Serge Giard : J’ai eu un succès inespéré… auprès des médias. J’ai passé des entrevues dans les grandes stations de radio, CJRC en Outaouais, CKVL à Montréal. Tout le monde trouvait mon concept original.

Conseiller.ca : Mais des gagnants à la loterie ?

Serge Giard : Non, car durant les semaines au cours desquelles mes annonces sont parues, il n’y a pas eu de gagnants. Par la suite, Loto-Québec a exercé des pressions pour faire déplacer mes annonces. Elles ont abouti dans des pages où elles avaient peu de visibilité pour la clientèle que je visais.

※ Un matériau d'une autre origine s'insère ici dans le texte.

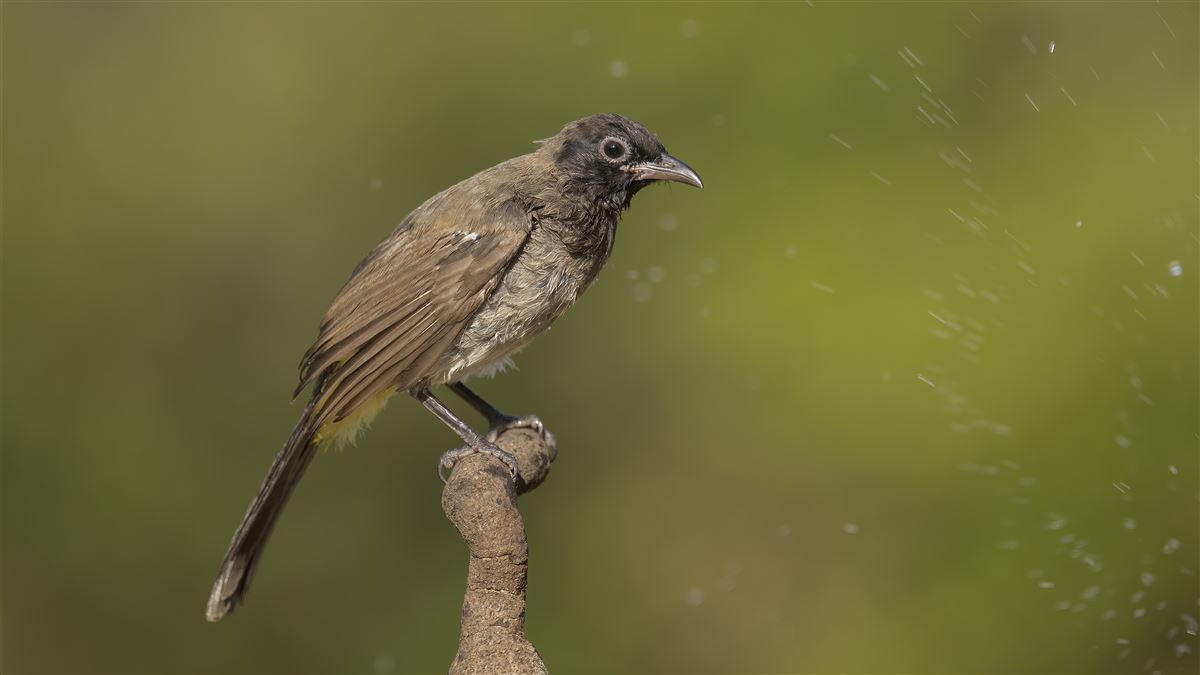 White-spectacled Bulbul
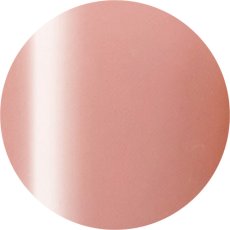 画像1: PRESTO カラージェル 251　2.7g/10g［メール便OK］ (1)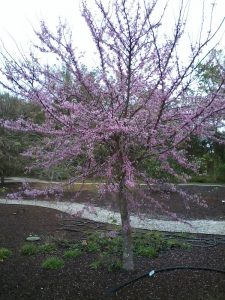 Photograph of redbud tree dormant without leaves and full of small pinkish-purple flowers.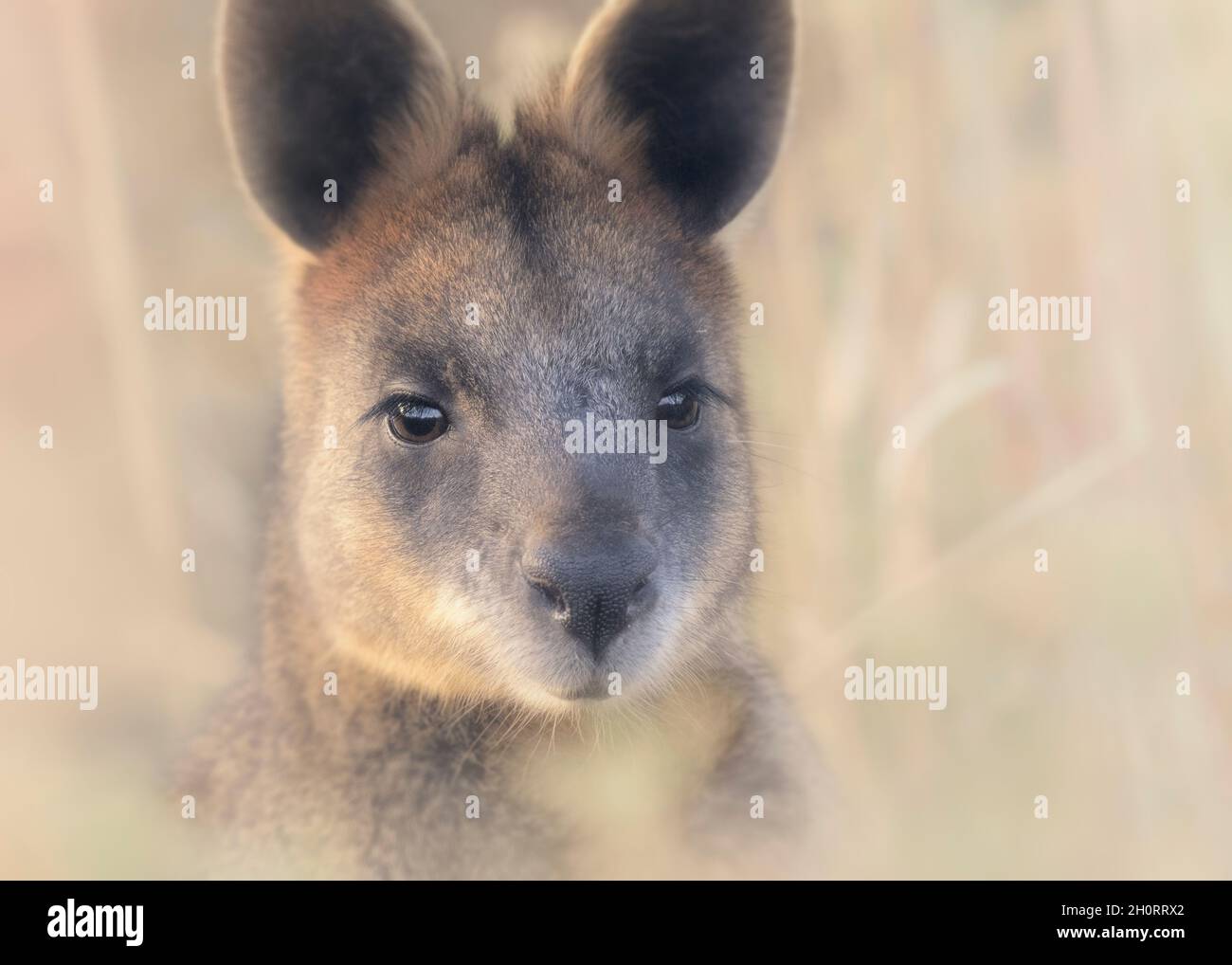 Portrait d'un wallaby sauvage de marais (Wallabia bicolor), Melbourne, Australie Banque D'Images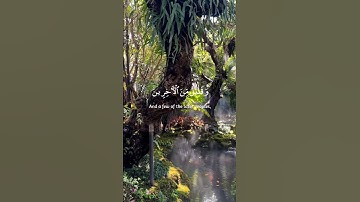 {وَالسَّابِقُونَ السَّابِقُونَ} سورة الواقعة آيات 10-18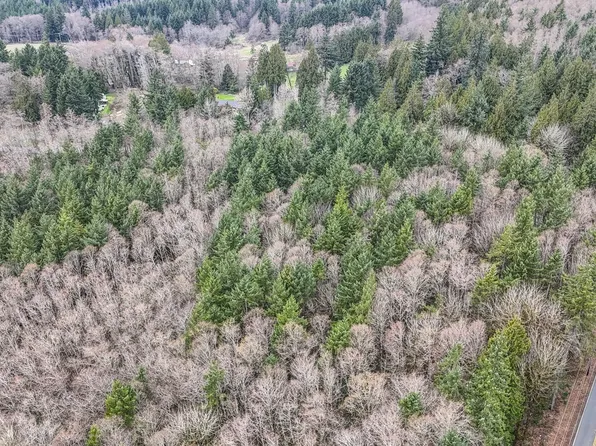 Neer City Rd, Rainier, OR 97048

Résultat : je n’ai pas eu de clients.

Conseiller.ca : Qu’avez-vous fait alors ?

Serge Giard : Eh bien, j’ai rencontré les responsables de la publicité au Journal de Montréal et à La Presse pour exprimer mon mécontentement. On m’a dit qu’ils ne pouvaient rien faire pour moi. À La Presse, ce fut encore plus troublant qu’au Journal de Montréal. En effet, après qu’on m’eut annoncé que ma publicité serait envoyée ailleurs (malgré le contrat signé), on a fait paraître, dans la page même des résultats de Loto-Québec, une réclame d’une grande institution financière ! Drôle de coïncidence, non ? Tout ça a été déposé en cour.

Conseiller.ca : Comment avez-vous réagi ?

Serge Giard : J’ai demandé à Bernard Landry [ministre des Finances à l’époque] d’instituer une enquête sur les agissements de Loto-Québec, qui, à mon avis, n’a pas le droit d’intervenir dans des affaires privées. J’ai aussi porté plainte au Bureau de la concurrence. Les deux ont dit qu’ils ne pouvaient rien faire. J’ai donc porté plainte au Protecteur du citoyen, en vain également. J’ai donc dû intenter des poursuites. C’est une question de principes, de liberté d’expression et de liberté de commerce.

Conseiller.ca : Combien avez-vous perdu dans cette histoire ?

Serge Giard : Environ 20 000 $. Sans compter les revenus que j’aurais pu tirer de la clientèle.

Conseiller.ca : À ce propos, vous réclamez près de 9 millions de dollars. Comment justifiez-vous ce montant ?

Serge Giard : Cette somme est estimative. Le marché des gains de loterie au pays est de 900 millions de dollars. Or, je suis le seul au Canada ne cibler que les gagnants à la loterie. Si j’élimine ceux qui remportent des petits lots, les personnes qui feront affaire avec les institutions financières, etc., j’arrive à 8,9 millions. Et puis, si mes annonces avaient marché, qui dit que je n’aurais pas fait 15 millions de dollars ? Je connais une dame qui a remporté 20 millions de dollars à la loto. Si j’avais pu l’avoir comme cliente, j’aurais touché des commissions d’au moins 500 000 $. Avec un tel montant, je pourrais faire de la publicité à la radio et à la télé. Si le juge m’accorde un montant que je considère comme déraisonnable, j’interjetterai appel de sa décision.

Conseiller.ca : Si vous remportez le procès, relancerez-vous votre stratégie de marketing ?

Serge Giard : Oui, mais je crois que mon chien est mort. Je suis persuadé qu’ils vont trouver d’autres excuses pour m’empêcher d’annoncer comme bon me semble.

Conseiller.ca : Que ferez-vous si vous perdez ?

Serge Giard : Je ne peux pas perdre ! Tous les témoignages que nous avons recueillis sont en faveur de ma cause. J’ai les aveux et les preuves de bris de contrat. Tout !

Conseiller.ca : Quelles recommandations faites-vous aux jeunes conseillers qui cherchent à implanter une stratégie de marketing ?

Serge Giard : [Après réflexion] Qu’ils ciblent leur clientèle le mieux possible et qu’ils persévèrent.